BC-DR

“Hacking” Site Recovery Manager (SRM) / a Storage Array Adapter

Duncan Epping · Jan 10, 2012 ·

** Disclaimer: This is for educational purposes, please don’t implement this in your production environment as it is not supported! **

Last week I received a question and I figured I would dive in to it this week. The question was if it is possible to fail-over LUNs using VMware Site Recovery Manager (SRM) which are not part of the Cluster which SRM “manages”. In other words, can I fail-over a LUN which is attached to a physical Windows Server or to a completely separate VMware Cluster? Before we continue, I did not hack SRM itself, neither did I make any changes to the SRA.

Lets briefly explain what SRM does normally when you go through the process of of creating a DR plan. Now this is slimmed down with only focussing on the relevant stuff for this question:

First it will discover the devices using the Storage Replication Adapter (SRA)
It then discovers all LUNs using the SRA
It show the replicated LUNs containing VMs to the admin
Admin can use these in his plan and “protect” the VMs appropriately

I decided to install SRM in a nested environment using the Celerra Uber VSA. I installed the VNX SRA and configured it and went through some of the log files just to find a piece of evidence that my plan is even possible.

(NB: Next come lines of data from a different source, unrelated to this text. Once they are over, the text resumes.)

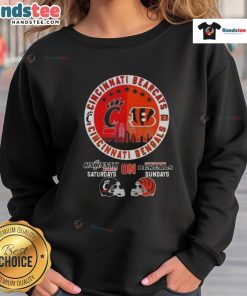 Alt Text: Cincinnati Bearcats sweatshirt featuring football helmets, perfect for game days on Bengals Sundays.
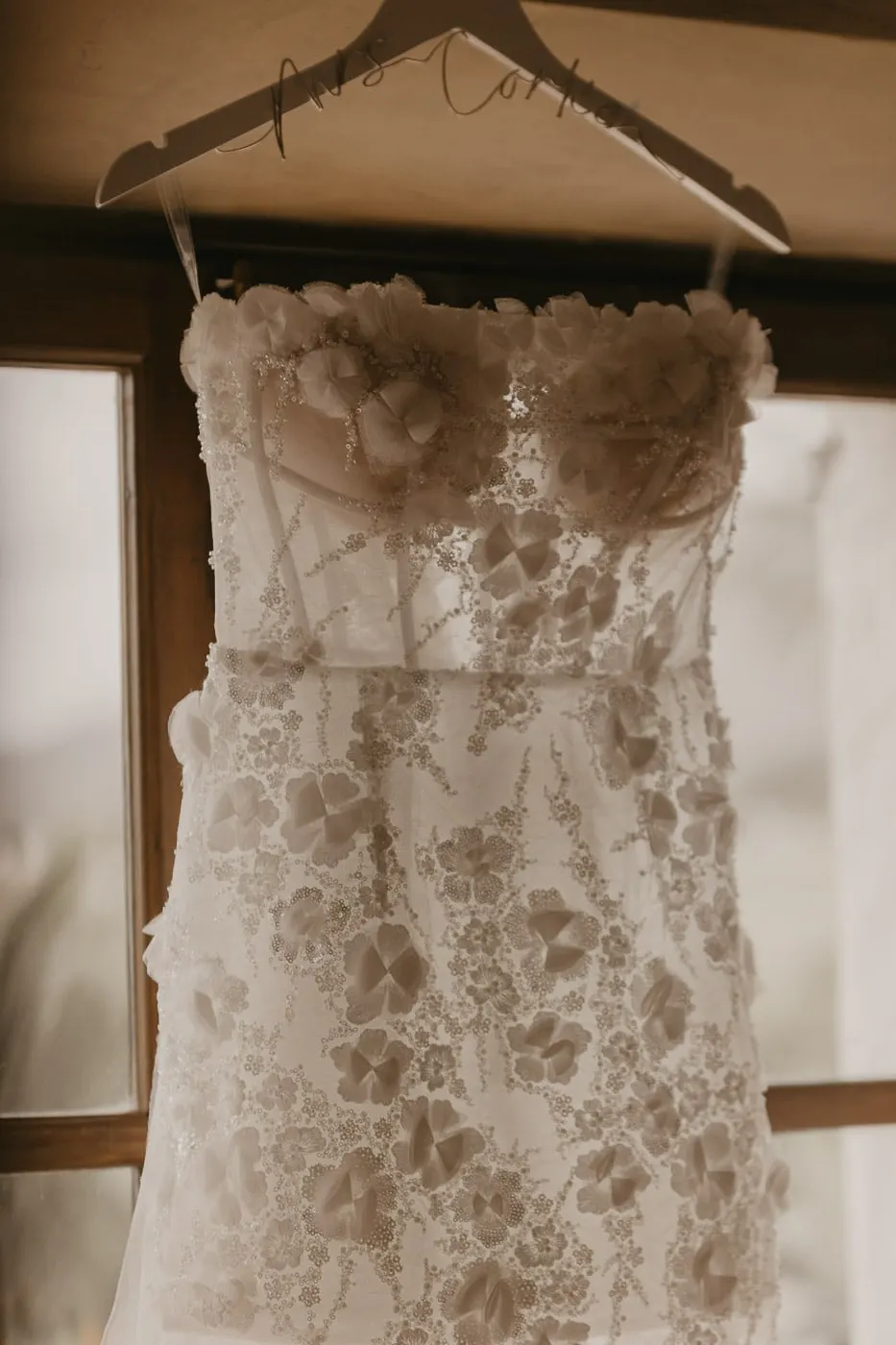Floral lace wedding dress hanging from a personalised hanger by the window, Hacienda San José, Mijas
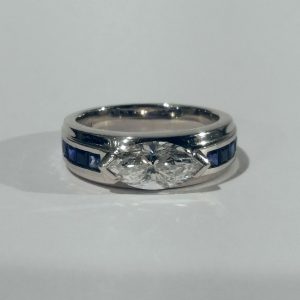 Vintage Marquise Diamond and Sapphire Band Ring; set with a 1.25ct marquise cut diamond with square cut sapphire shoulders, in platinum, Circa 1980s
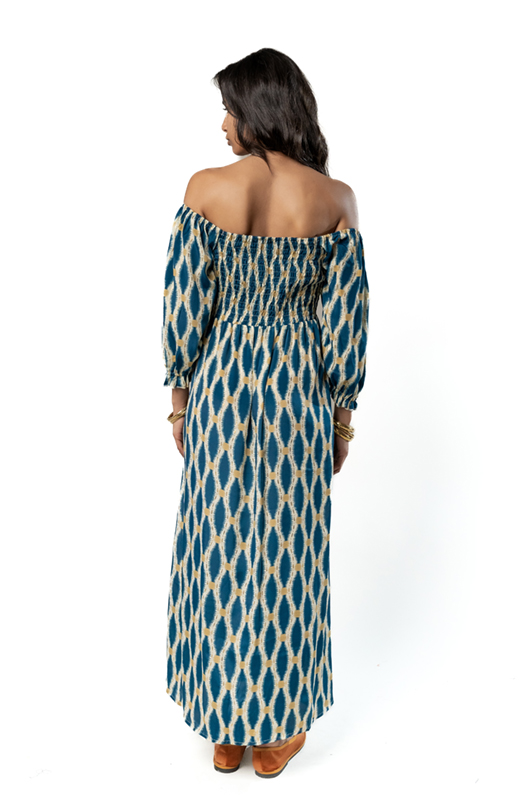 Back view of long blue off-shoulder dress with elastic bodice and elegant geometric print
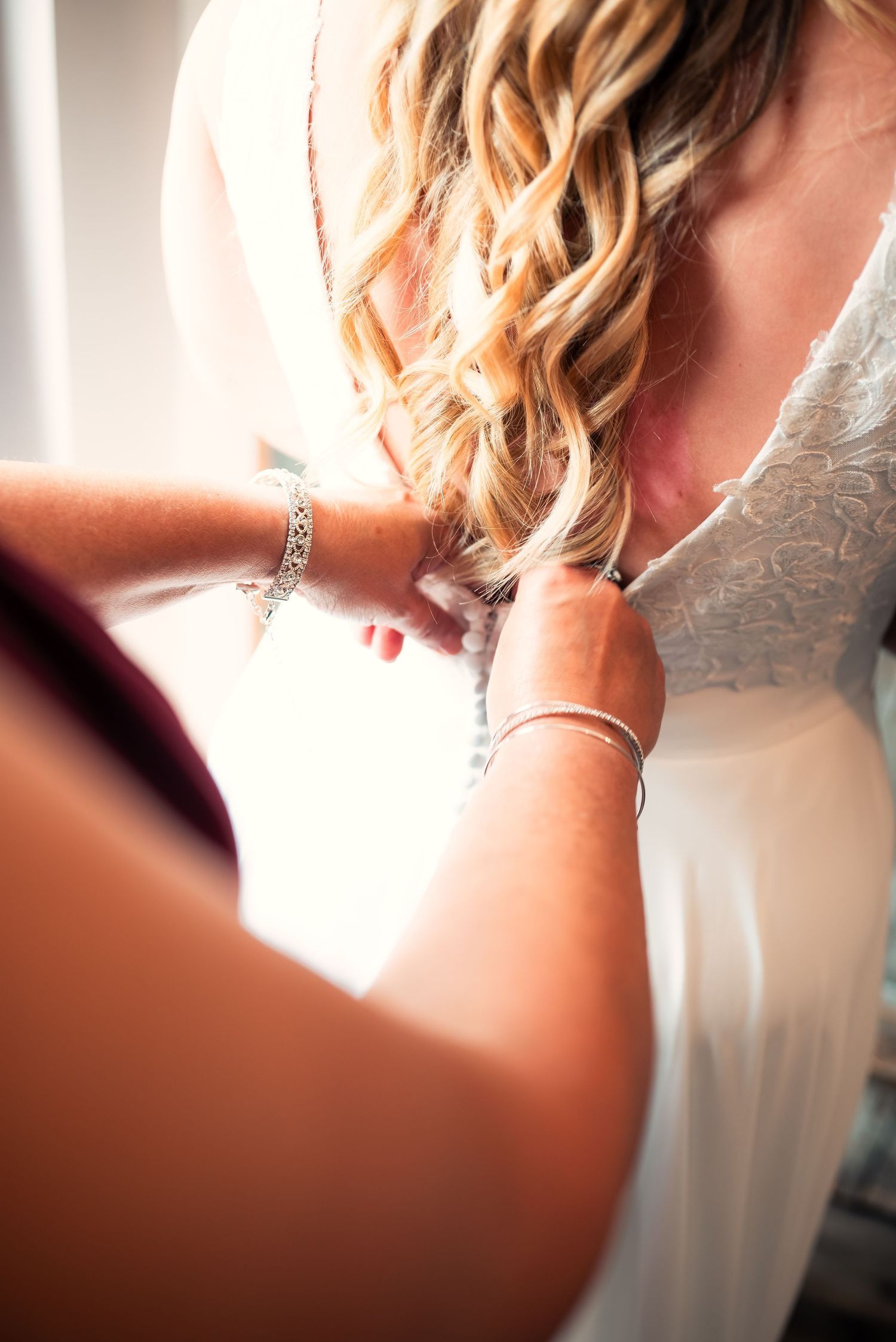 Close-up of hands styling blonde curled hair with jewelry details.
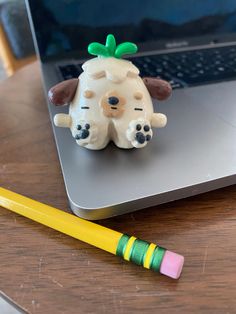 a toy dog sitting on top of a laptop computer next to a yellow crayon pencil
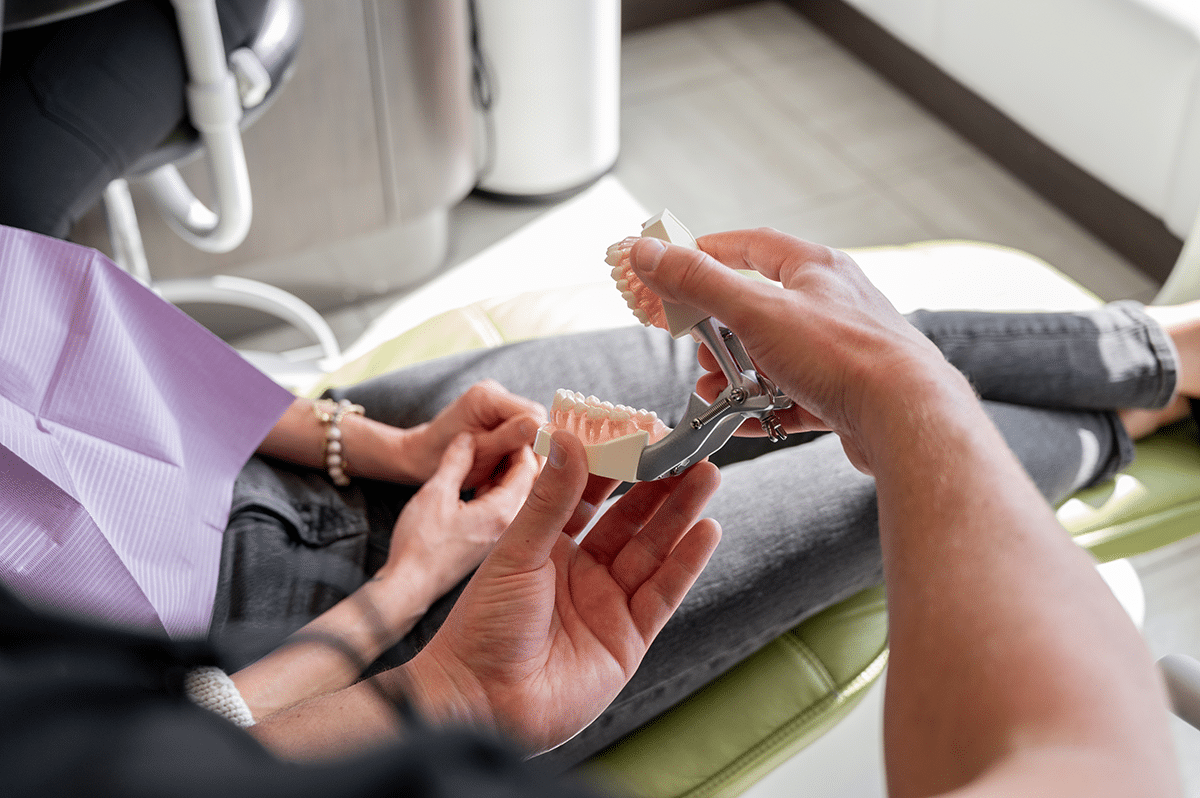 A dental professional is demonstrating the use of a dental model to a patient sitting in a dental chair.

For Windows 2008 you can find the SRM Log Files in this location by the way:

%ALLUSERSPROFILE%\VMware\VMware vCenter Site Recovery Manager\Logs\

Other locations are documented in this KB. When I created the environment I created multiple LUNs with different sizes to make them easily recognizable. The LUN which is replicated but not exposed to our vCenter/SRM environment is 25GB and the LUN which is exposed is 30GB. This is what the log files showed me when I did a quick find on the size:

(Production) fsid=14 size=30000MB alloc=0MB dense  read-write
path=/srm01/fs14_T1_LUN1_BB005056AE32800000/fs14_T1_LUN1_BB005056AE32800000 (snapped)

(Production) fsid=16 size=25000MB alloc=0MB dense read-write
path=/vc01/fs16_T1_LUN2_BB005056AE32800000/fs16_T1_LUN2_BB005056AE32800000 (snapped)

As you can see both my 25GB and my 30GB LUN is listed. I added a name to it which also allows me to quickly identify it “srm01” and “vc01”, where “vc01” is the one which is not managed by SRM.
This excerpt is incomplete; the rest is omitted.